Gesundheitsbezogene Hautdaten fallen unter die besonderen Kategorien personenbezogener Daten nach Art. 9 der Datenschutz-Grundverordnung. Das hat praktische Konsequenzen für jeden Betrieb, der solche Analysen anbietet. Eine ausdrückliche, informierte Einwilligung ist Pflicht. Die Daten dürfen nicht ohne separate Rechtsgrundlage für andere Zwecke, etwa Produktentwicklung oder Werbung, genutzt werden.

Dermatologische Systeme, die therapeutische Empfehlungen ausgeben, können unter die Medizinprodukteverordnung fallen. Die Bundesoberbehörde BfArM hat hierzu Leitlinien veröffentlicht, die klären, ab wann eine Software als Medizinprodukt eingestuft wird und welche Zertifizierungen erforderlich sind. Kosmetikstudios, die lediglich beraten und keine Diagnosen stellen, bewegen sich in einem anderen Rechtsrahmen, müssen aber trotzdem DSGVO-konform arbeiten.

Was sich für Endverbraucherinnen ändert

Der spürbarste Wandel betrifft die Qualität der Produktempfehlungen. Statt einer allgemeinen Einstufung in „Mischhaut, Tendenz trocken“ liefert eine VR-gestützte Analyse konkrete Messwerte:

  • Hydrationswert der Epidermis in verschiedenen Gesichtszonen
  • Sebumproduktion in ml pro cm² und Stunde
  • Elastizitätsindex im Vergleich zur Alterskohorte
  • UV-Schäden in tieferen Hautschichten, nicht sichtbar auf der Oberfläche
  • Entzündungsmarker, erkennbar durch Infrarotspektrum

Auf Basis dieser Daten lässt sich eine Routine entwickeln, die tatsächlich auf die individuelle Haut zugeschnitten ist. Das reduziert Fehlinvestitionen in Produkte, die nicht wirken, und minimiert das Risiko, irritierende Inhaltsstoffe zu verwenden, die bei der gemessenen Hautbarrierefunktion kontraindiziert sind.

Grenzen der Technologie

VR-gestützte Hautanalyse ersetzt keine dermatologische Diagnose. Hauterkrankungen wie Melanome, Psoriasis oder allergische Kontaktekzeme erfordern nach wie vor eine ärztliche Untersuchung und gegebenenfalls Biopsien. Laut aktuellen Forschungsarbeiten der Charité Berlin liegt die Erkennungsrate von malignen Melanomen durch KI-gestützte Bildsysteme bei rund 87 Prozent, was solide ist, aber unterhalb der Treffsicherheit erfahrener Dermatologen mit Dermatoskop.

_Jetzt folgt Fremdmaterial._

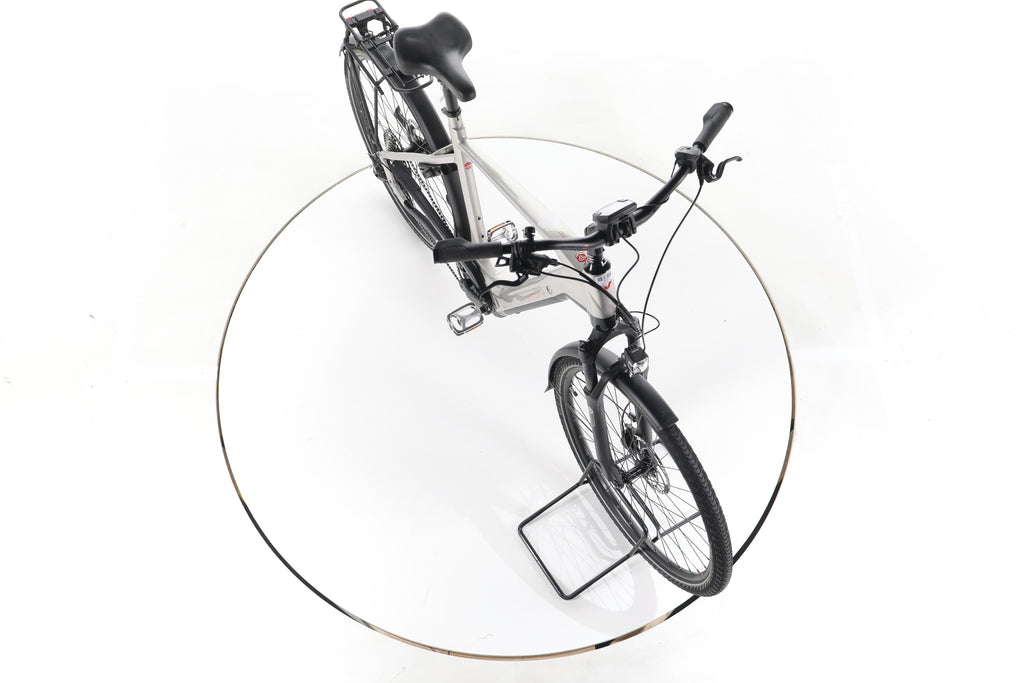 Victoria eManufaktur 11.8 Trekking E-Bike - Image 15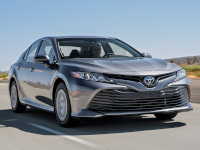 Автомобили Toyota Автомобили Toyota
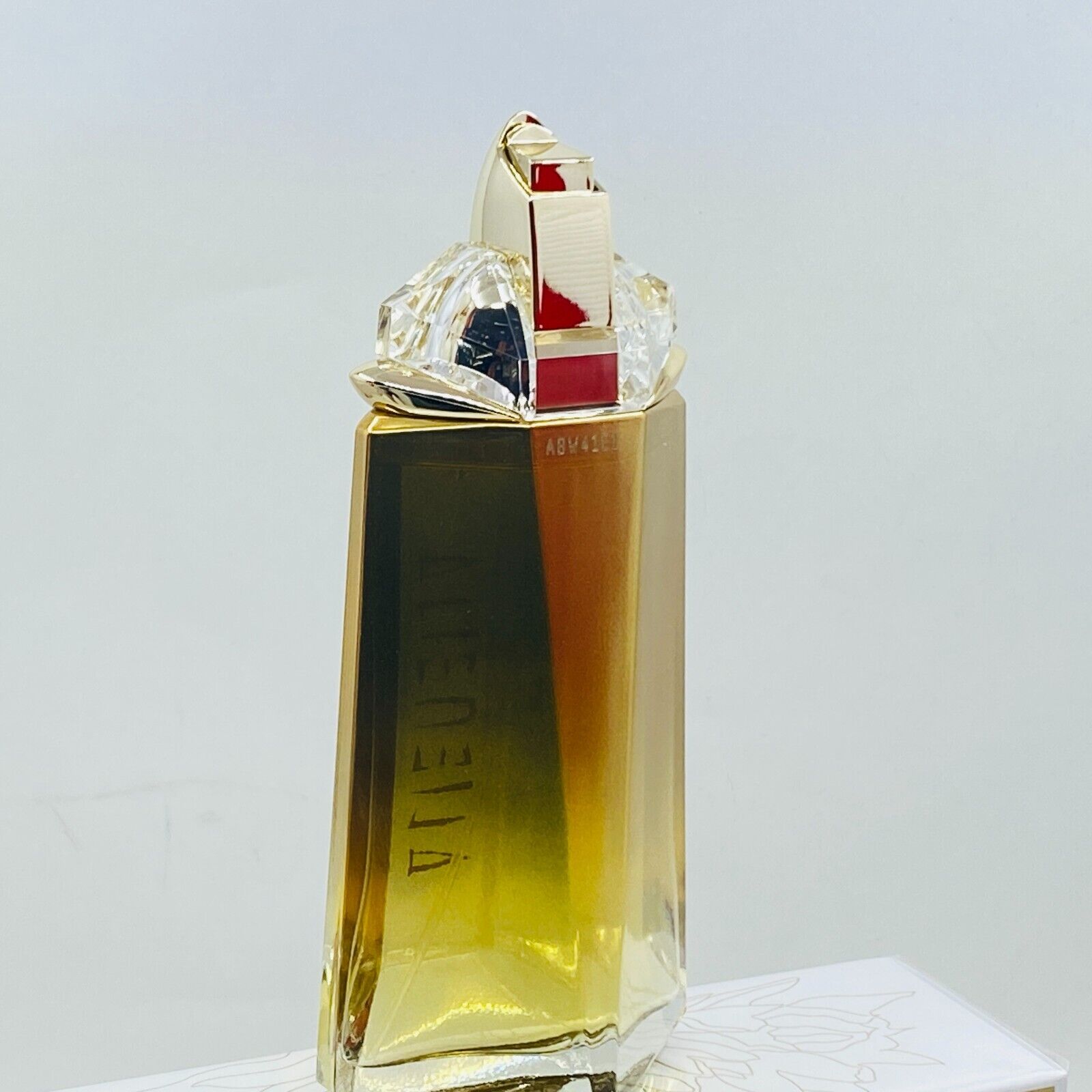 Mugler ALIEN Goddess Eau de Parfum SPRAY Women -3 Oz . - SPRING SALE!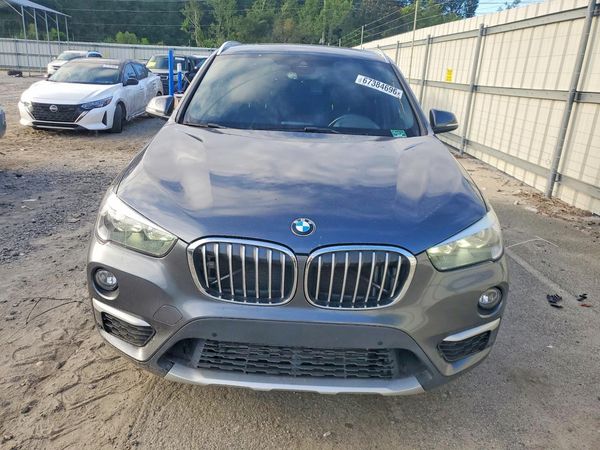 2019 BMW X1 sDrive28i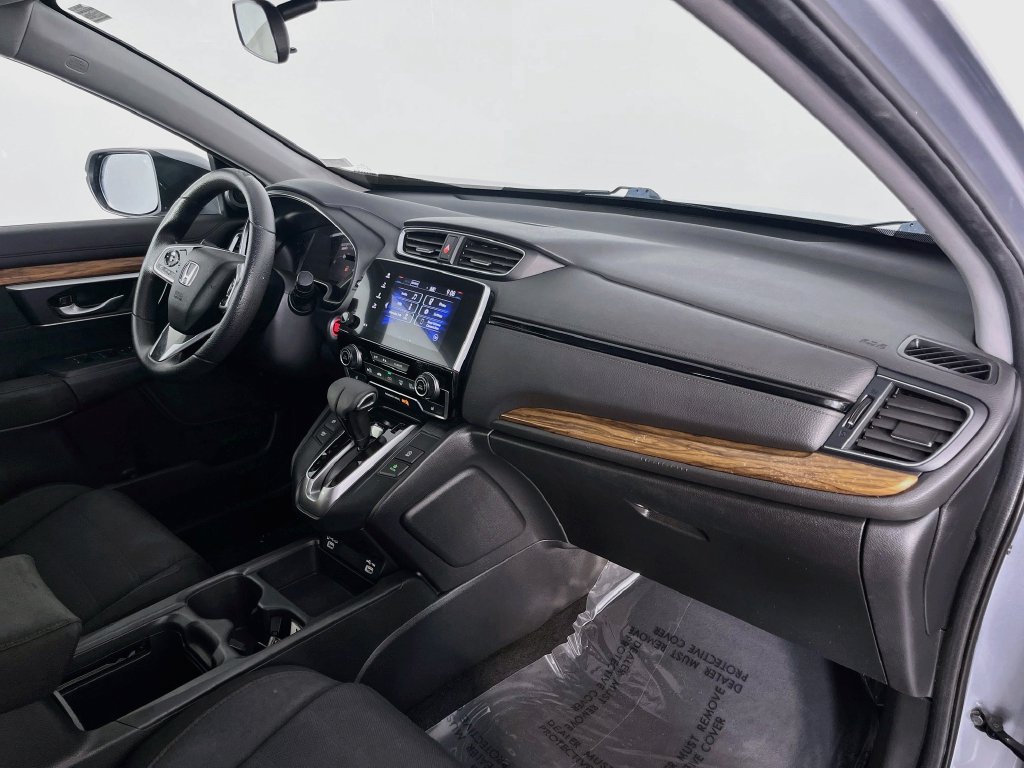 Used 2020 Honda CR-V EX image 27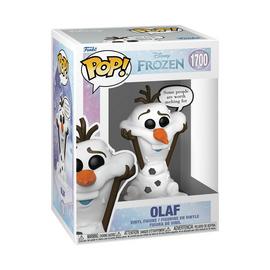 Funko POP 3.6 Inch Disney Frozen Olaf Vinyl Figure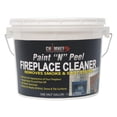 thumbnail image 1 of Fireplace Cleaner, 1 of 2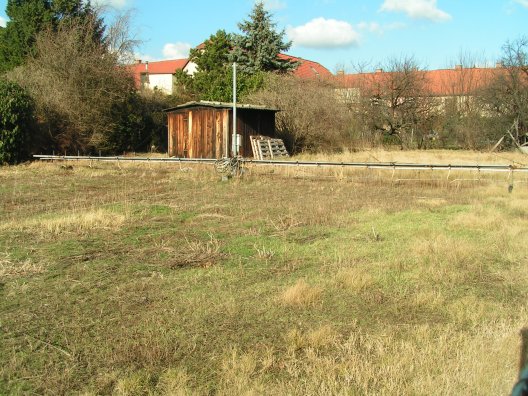 Sonnergasse wildwest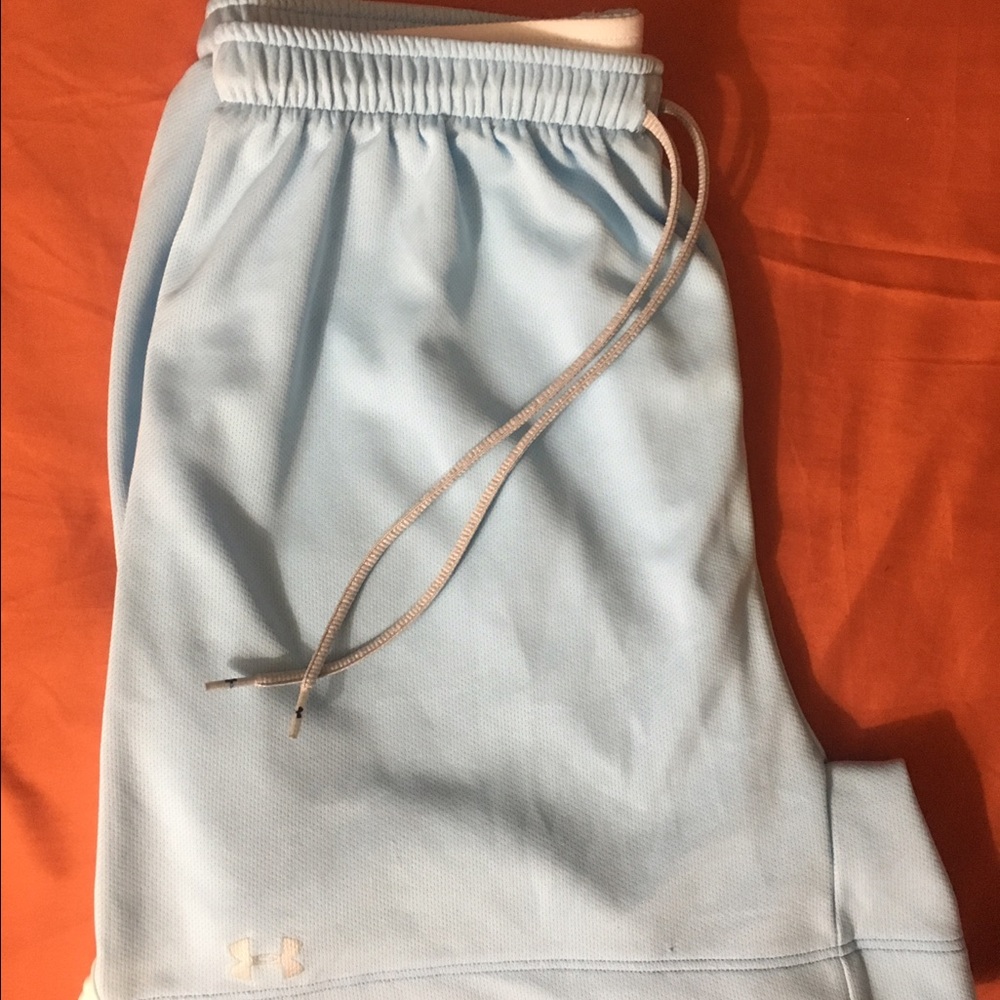 Women's Under Armour sport shorts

Ein weiteres Problem ist die Standardisierung. Verschiedene Anbieter messen teils mit unterschiedlichen Parametern, verwenden verschiedene Referenzwerte und sind nicht interoperabel. Eine Messung aus System A ist nicht direkt vergleichbar mit einer Messung aus System B. Für die Verlaufskontrolle bedeutet das: Wechselt eine Praxis die Software, gehen historische Vergleichsdaten verloren.

Trotz dieser Einschränkungen ist die Richtung klar. Virtuelle Hautanalyse wird die professionelle Beratung nicht ersetzen, aber sie wird die Grundlage dieser Beratung fundamental verbessern. Wer in diesem Bereich arbeitet, egal ob als Dermatologin, als Kosmetikerin oder als Produktentwicklerin, kommt an diesem Technologiesprung nicht vorbei.